The EEOC recommended in its June determination letter “conference, conciliation, and persuasion” in order to “eliminate the alleged unlawful employment practices.”
Nimmons is a certified silver-badge umpire and has worked at major tournaments around the world, including all four grand slams, with the USTA’s own website calling him is “one of the best in the sport.” He filed two charges of discrimination with the EEOC, one in January 2015 and another in November 2015. The EEOC filings allege that the USTA discriminated against him on the basis of race and then retaliated against him by demoting him after he lodged complaints. The second one, from November, lists dozens of other women and minorities employed by the USTA who have, it says, filed discrimination complaints to the EEOC or internally with USTA. (The lines were already in the documents as provided to Deadspin.)
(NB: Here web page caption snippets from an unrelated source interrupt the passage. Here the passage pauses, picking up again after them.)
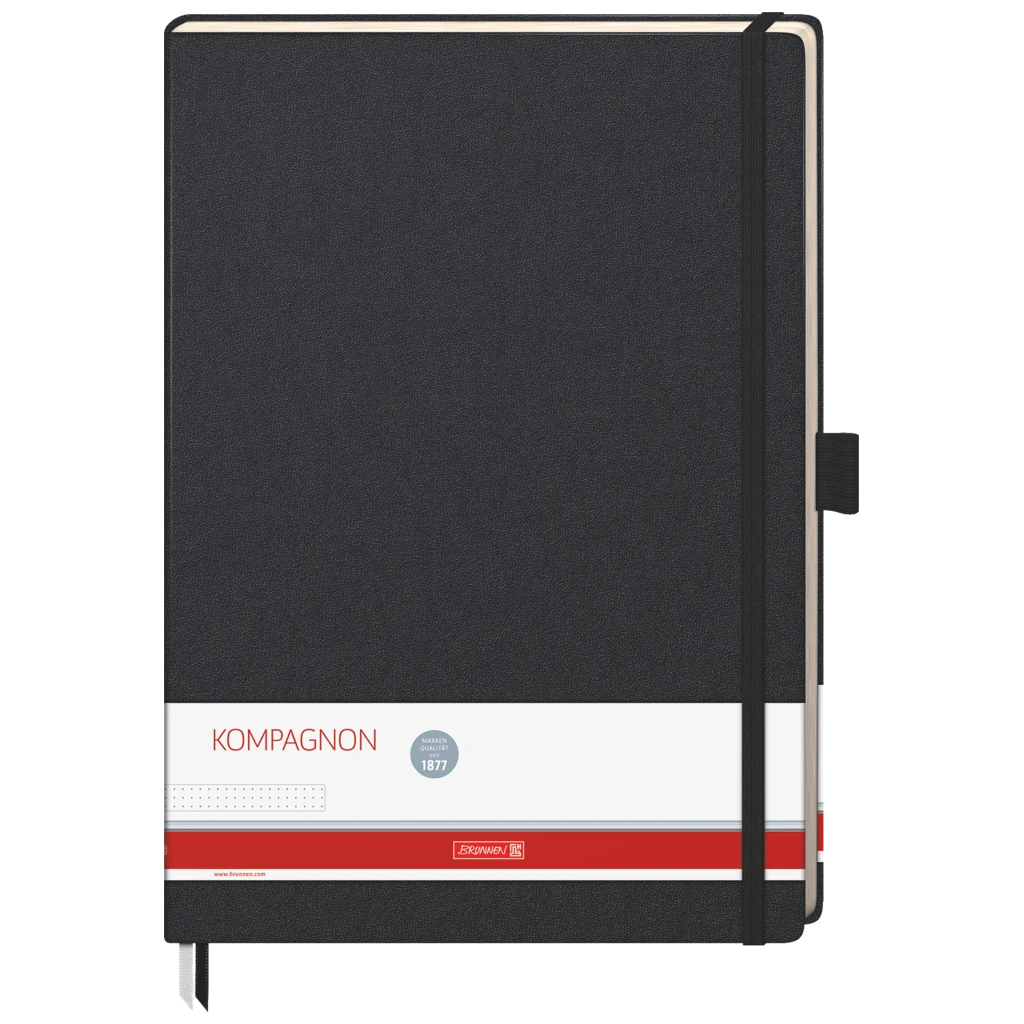 Notizbuch Kompagnon Klassik | A4, punktiert, Gummizugverschluss, schwarz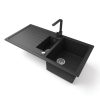 Solarys J995-50C Gránit Mosogató + Design Csap + Dugóemelő + Adagoló (fekete)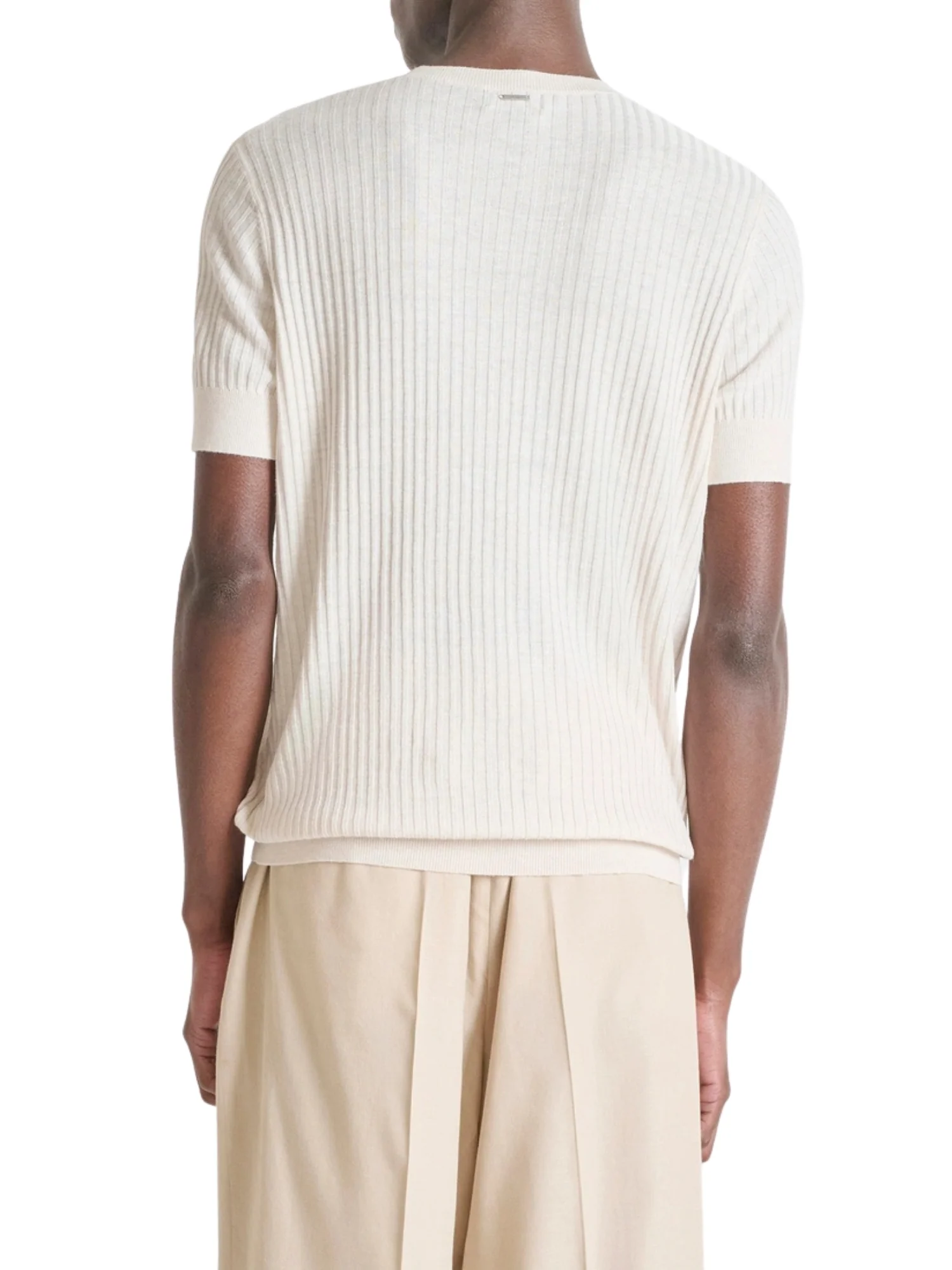 Maglia a girocollo con maniche corte Antony Morato uomo modello linen blend crema - Image 2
According to Nimmons’s first EEOC filing, he was hired as a full-time employee in 2009 to promote diversity at the USTA—three years after the New York Attorney General’s Office concluded that the organization had failed to adhere to state labor laws as well as Title VII of the Civil Rights Act of 1964. The attorney general’s investigation found that there were “glaring gender disparities” between female and male chair umpires that “cannot be explained by differences in the qualifications of female and male chair umpires,” according to the 2006 assurance of discontinuance. The investigation also found, per the assurance, that “few minority umpires have been selected to chair matches at the U.S. Open, especially the more prestigious later-round matches.”
Nimmons was hired with the title “coordinator of officials,” according to his initial EEOC filing, and he was supposed to “promote diversity and inculsion.” Nimmons told me in an interview that that also meant soothing employees who felt marginalized.
“On a number of occasions, I was tasked with calling people who had complaints about the officiating department or about one of our people in leadership to talk with them and see if there was anything I could do,” Nimmons told me. “They may have known what my position was, and the feeling was in the office that they just needed to vent on most occasions. And if we could just give them an ear, talk them off the ledge, that would help them. And on a number of occasions, making those calls and going to visit those people did help certain situations.”
Nimmons said in the initial charge of discrimination that he repeatedly filed complaints with his superiors at USTA and requested investigations into possible acts of discrimination, including when a black woman who worked for the USTA found a noose near her work area.
The USTA said that the noose “was not related to race but was a poor [sic] conceived joke relating to difficult vendors,” according to the determination letter. In the November filing, Nimmons gave other examples of “hurtful comments.”
After filing his discrimination complaints internally and with the EEOC, Nimmons, who is represented by attorney Gary Ireland, said in the amended filing that he was banned from traveling, compromising his ability “to speak about diversity in tennis,” as well as excluded from office meetings.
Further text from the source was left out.